The Worst Question


I can picture it like it was yesterday.  Me, Henry, and Harrison were sitting at our dark brown dinner table.  Brandon was out of town for work, again. It had been a long day of playing, rocking, feeding, screaming, coping.  I was counting down the minutes until it would be bedtime and I’d finally be alone. I set Henry’s paper plate of peanut butter and jelly in front of him.  Harrison had been crying for nearly ten minutes by now. Why? I’m not really sure, and I doubt he was either. But he was mad and he wanted everyone to know it.

I tried to feed him bites of the mashed potatoes he normally scarfed down.  He screamed more. I tried to give him a bottle filled with watered-down apple juice.  He slammed his tiny fists down onto his highchair tray. Over and over he screamed until he was so red in the face, I thought he was going to choke.

My salad sat near me, long forgotten.  Henry stared at us both, wondering what I would do.  He could feel the frustration radiating off of me.

“Harrison, knock it off!”  I lost control and yelled, only making things worse.  Harrison’s face scrunched up and he cried harder.
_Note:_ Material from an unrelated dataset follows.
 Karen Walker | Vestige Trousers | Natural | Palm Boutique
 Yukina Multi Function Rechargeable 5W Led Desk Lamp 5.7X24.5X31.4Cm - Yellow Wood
Finally, I gave up.  I lifted Harrison out of his highchair, sat him on the table facing me with his chubby legs hanging down.  He stopped crying nearly instantly. He grabbed for my shirt, he grabbed for my soggy salad, he grabbed for my glass of milk.  To distract him, I got a spoonful of his mashed potatoes and started to feed him. He finally went still and began to eat again.

I sighed.  I likely rolled my eyes.  I sighed harder.

And that’s when Henry asked me the question.  The one that felt like a punch to the gut, and made me feel like I was doing everything wrong.  The one that made me feel ashamed of how I had reacted, not just in this moment, but in all my previous moments where I had lost my temper with Henry or Harrison.

It started off innocently enough:

“Mommy, it’s really hard to have two kids, isn’t it?”  
“Yes, baby, it can be really hard.”

I thought that was the end of it.  It wasn’t.

“Mommy, do you wish that you never had that baby?”

I stopped the spoon mid-way to Harrison’s mouth.  I had to have heard him wrong, right? I asked him to repeat it.  And he did, in exactly the same way.

I felt tears spring to my eyes.  Even now, as I relive that moment, I can feel the tears form.

I had reacted so poorly that I made Henry feel as if I didn’t want his little brother.  I wondered if he also thought I didn’t want him in the times that I lost my temper and yelled at him.

I took a deep breath and as simply as I could, I tried to explain to my four-year-old how I would never wish that.  How sometimes I just got so frustrated because I didn’t know how to make Harrison happy. How even when I’m angry, I always love both him and Harrison.

I took Harrison and put him back in his highchair, where he was now perfectly content to sit and eat his mashed potatoes.  I slid my bowl of salad closer to me and ate it with one hand while feeding Harrison with the other. Henry went back to his dinner.

Minutes later, Henry hopped down from the dinner table, put his plate on the kitchen counter, and walked to the bathroom as I asked.  I picked Harrison up from his chair and followed Henry to the bathroom for their nighttime bath. They splashed and played and giggled in the bath together all while I mulled over Henry’s question, and my response, hoping I had conveyed to Henry how much I truly did want Harrison in our family.

I went to sleep that night with so much guilt on my shoulder’s, vowing to do better the next day.  Vowing to prove to them both how much I want them. But also knowing, chances are that I would probably slip up again, because I am not a perfect mother. Sometimes you just have to give yourself grace.